[YOUR TASK] Beginning with the line that has "Ökomanagement-Auszeichnung: Umwelt-Landesrat Dr." and ending with the line that has "Đoàn công tác", retype the entries below exactly, except for the pictures.

Web page caption snippets:

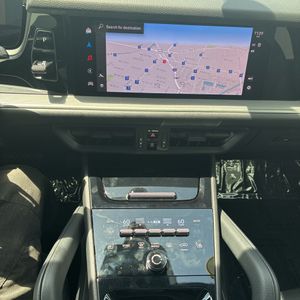 2025 Porsche CAYENNE thumbnail 37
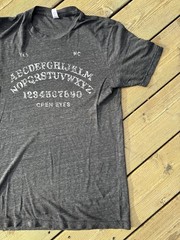 Ouija Board T Shirt Open Eyes Horror Halloween Graphic Tee USA Mens L
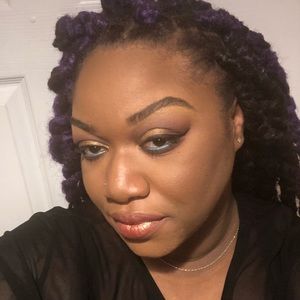 Meet your Posher, Dominique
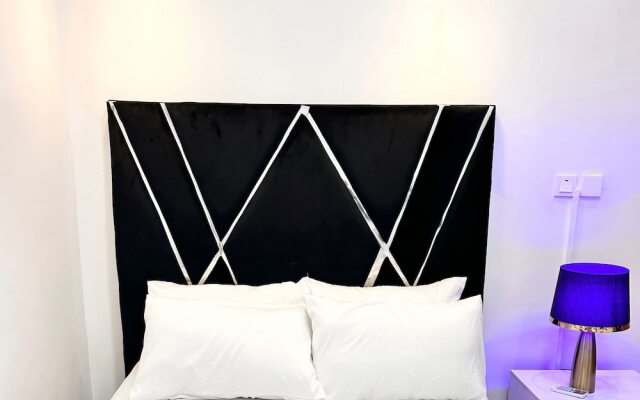 Luxury Shortlet Apartment LBS, AJAH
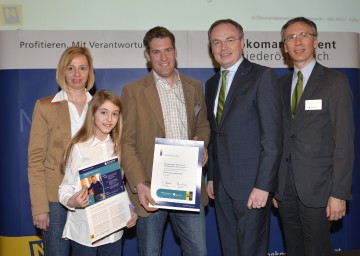 Ökomanagement-Auszeichnung: Umwelt-Landesrat Dr. Stephan Pernkopf (2.v.r.)und DI Andreas Tschulik aus dem Lebensministerium (rechts) gratulierten der Familie Netzl aus Göttlesbrunn.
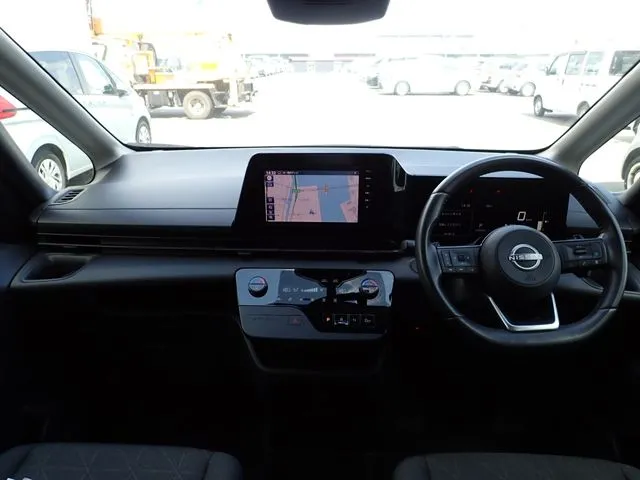 セレナ(ニッサン)の車両写真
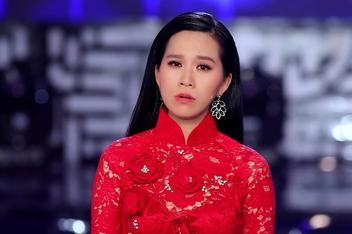 Đoàn công tác tặng quà cho học sinh trường Tiểu học Phú Đình và Tiểu học Điềm Mặc
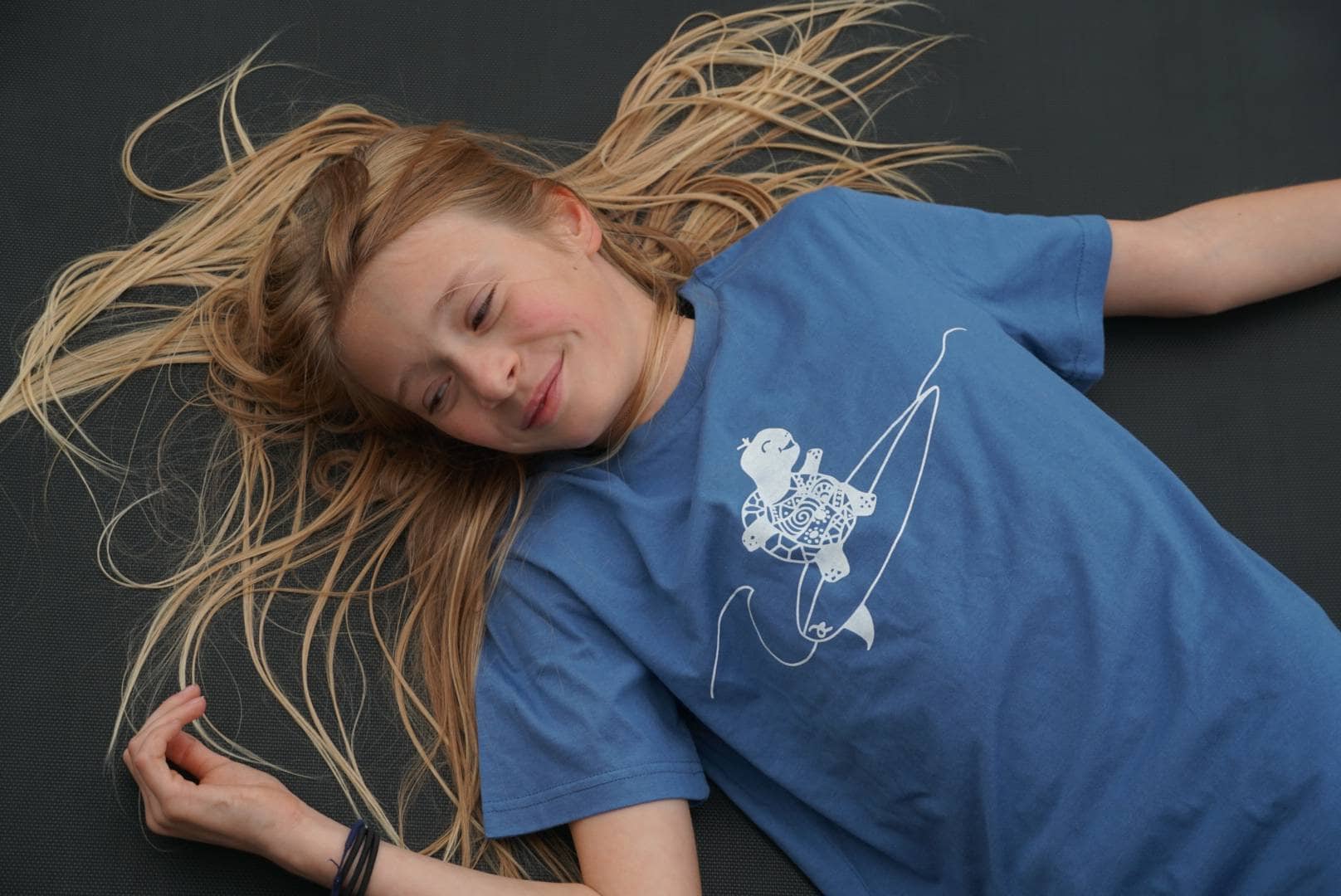 Fairtrade Kinder T-Shirts Surfende Schildkröte - Blau Surfen/Kindershirt Surfer Handbedruckt von MrsSoleilMrsLune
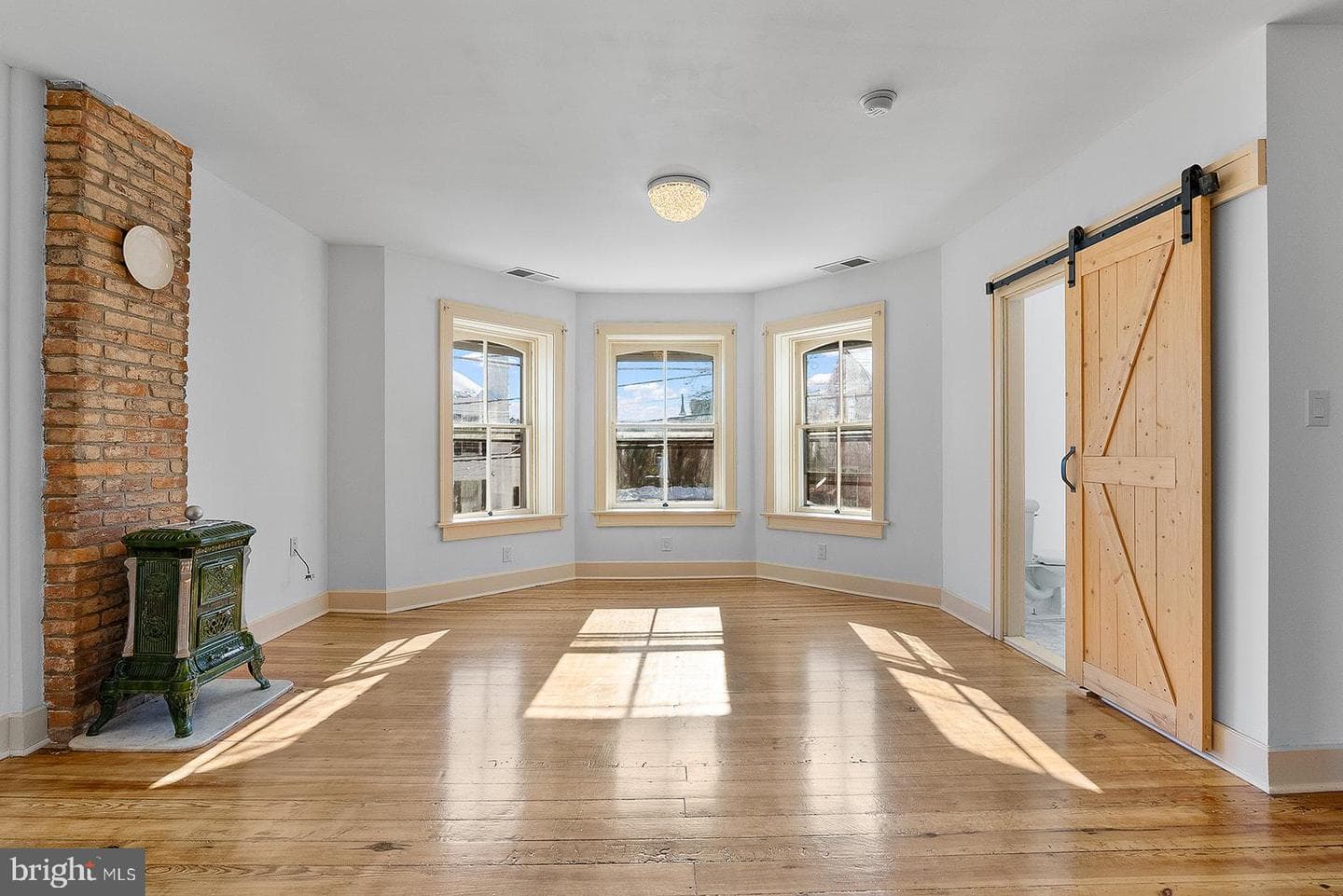 132 Amherst Street photo 37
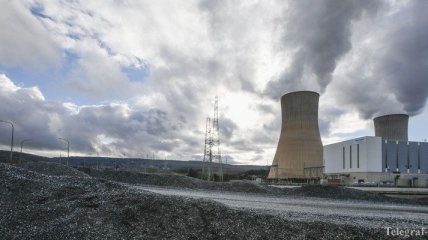 В Японии приостановили работу двух ядерных реакторов
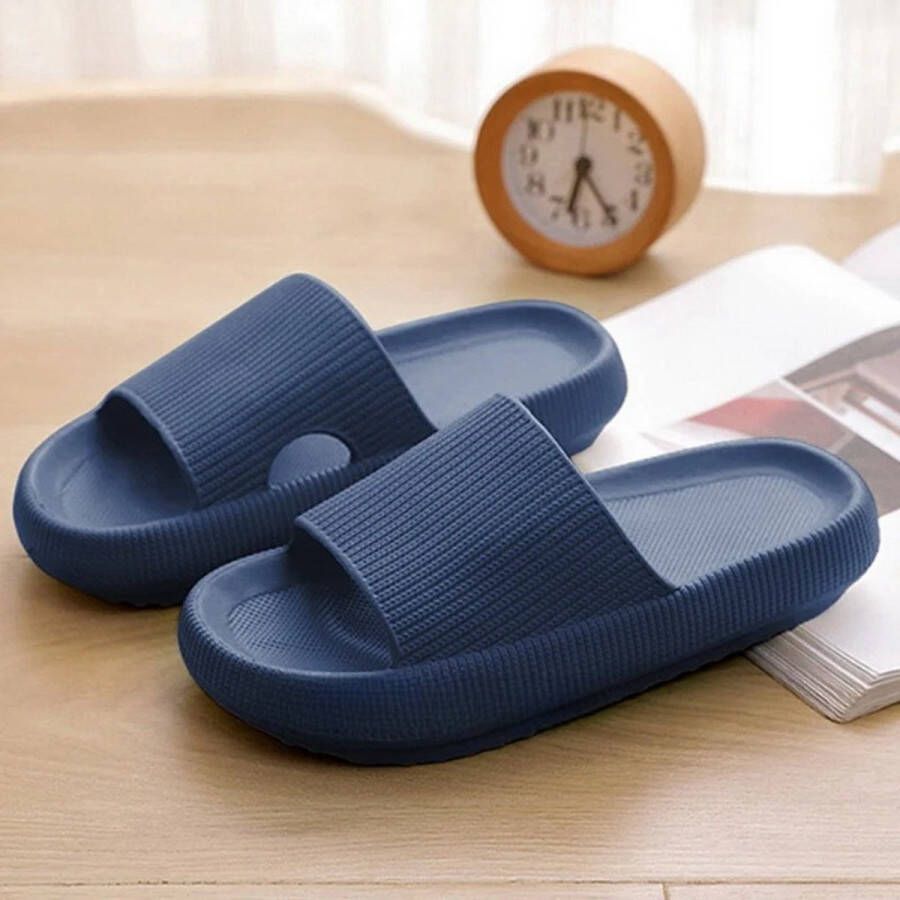 Klikkopers Cloud Slides Slippers Badslippers Sloffen Verdikte Lichtgewicht Super Zacht aan je Voeten Anti-Slip Blauw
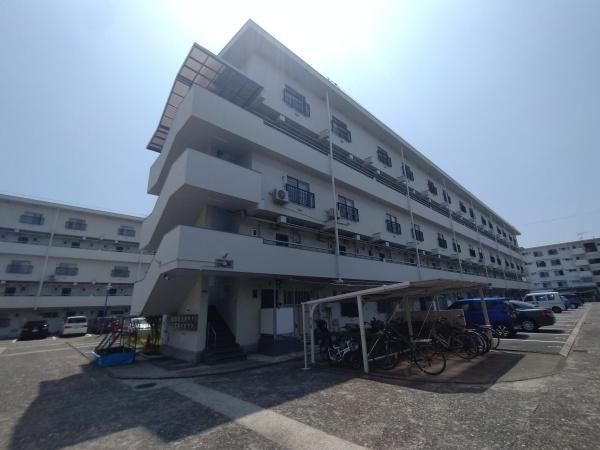 杭瀬第二団地八号棟
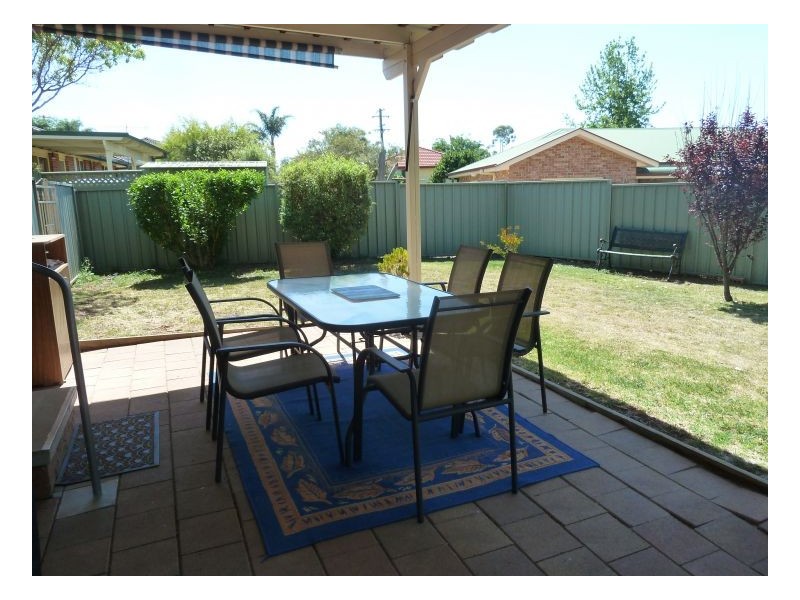 6b Mcdonald Crescent, Tamworth NSW 2340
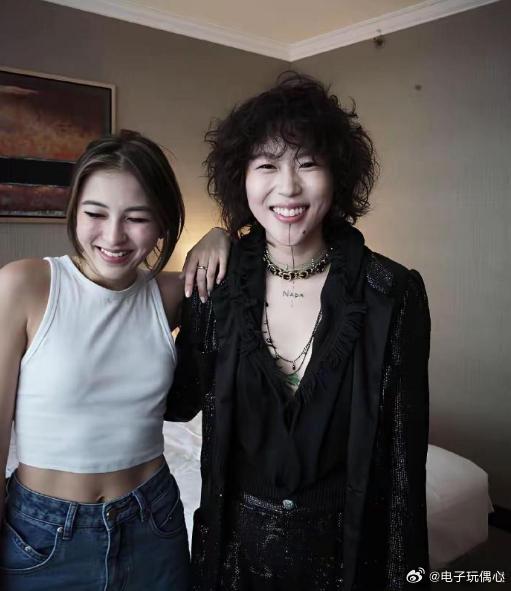 王菲估计头都大了，这女儿管还是不管好啊！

[WRITTEN RESPONSE]
 Ökomanagement-Auszeichnung: Umwelt-Landesrat Dr. Stephan Pernkopf (2.v.r.)und DI Andreas Tschulik aus dem Lebensministerium (rechts) gratulierten der Familie Netzl aus Göttlesbrunn.
 セレナ(ニッサン)の車両写真
 Đoàn công tác tặng quà cho học sinh trường Tiểu học Phú Đình và Tiểu học Điềm Mặc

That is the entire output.